■ WHAT YOU SHOULD DO:
Gather each line containing the string "Pullover" from these entries.

■ Scraped caption text data:
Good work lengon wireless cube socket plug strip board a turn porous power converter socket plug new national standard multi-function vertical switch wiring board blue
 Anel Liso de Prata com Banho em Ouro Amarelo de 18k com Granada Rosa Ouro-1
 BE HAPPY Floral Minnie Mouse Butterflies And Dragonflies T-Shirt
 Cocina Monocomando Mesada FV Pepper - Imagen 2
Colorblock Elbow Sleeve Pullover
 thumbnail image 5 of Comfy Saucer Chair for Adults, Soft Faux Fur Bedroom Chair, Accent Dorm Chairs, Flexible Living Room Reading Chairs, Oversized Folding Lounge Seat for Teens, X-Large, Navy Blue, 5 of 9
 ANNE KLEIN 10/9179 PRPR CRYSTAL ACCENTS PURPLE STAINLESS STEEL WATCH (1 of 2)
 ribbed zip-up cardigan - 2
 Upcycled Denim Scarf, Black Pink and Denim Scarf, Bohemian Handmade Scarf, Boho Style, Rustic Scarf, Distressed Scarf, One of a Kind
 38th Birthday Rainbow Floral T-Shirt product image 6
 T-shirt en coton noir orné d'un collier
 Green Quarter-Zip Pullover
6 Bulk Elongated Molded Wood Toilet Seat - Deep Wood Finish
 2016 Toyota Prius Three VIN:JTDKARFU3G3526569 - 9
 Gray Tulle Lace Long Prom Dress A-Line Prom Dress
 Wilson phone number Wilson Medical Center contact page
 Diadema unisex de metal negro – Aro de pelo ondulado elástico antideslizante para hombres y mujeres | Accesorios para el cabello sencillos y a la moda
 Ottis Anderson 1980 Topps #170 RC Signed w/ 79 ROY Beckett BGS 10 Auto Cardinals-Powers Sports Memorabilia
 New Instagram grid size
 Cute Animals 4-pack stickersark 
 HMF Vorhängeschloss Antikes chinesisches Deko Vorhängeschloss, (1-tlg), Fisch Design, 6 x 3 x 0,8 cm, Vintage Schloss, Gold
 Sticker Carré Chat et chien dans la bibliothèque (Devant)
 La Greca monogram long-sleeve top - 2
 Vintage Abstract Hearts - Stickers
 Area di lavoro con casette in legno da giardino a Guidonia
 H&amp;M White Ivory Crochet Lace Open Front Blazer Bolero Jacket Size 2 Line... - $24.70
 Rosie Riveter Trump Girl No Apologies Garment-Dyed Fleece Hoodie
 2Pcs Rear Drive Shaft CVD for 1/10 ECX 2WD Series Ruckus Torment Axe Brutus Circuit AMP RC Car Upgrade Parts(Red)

■ TASK RESPONSE:
Colorblock Elbow Sleeve Pullover
 Green Quarter-Zip Pullover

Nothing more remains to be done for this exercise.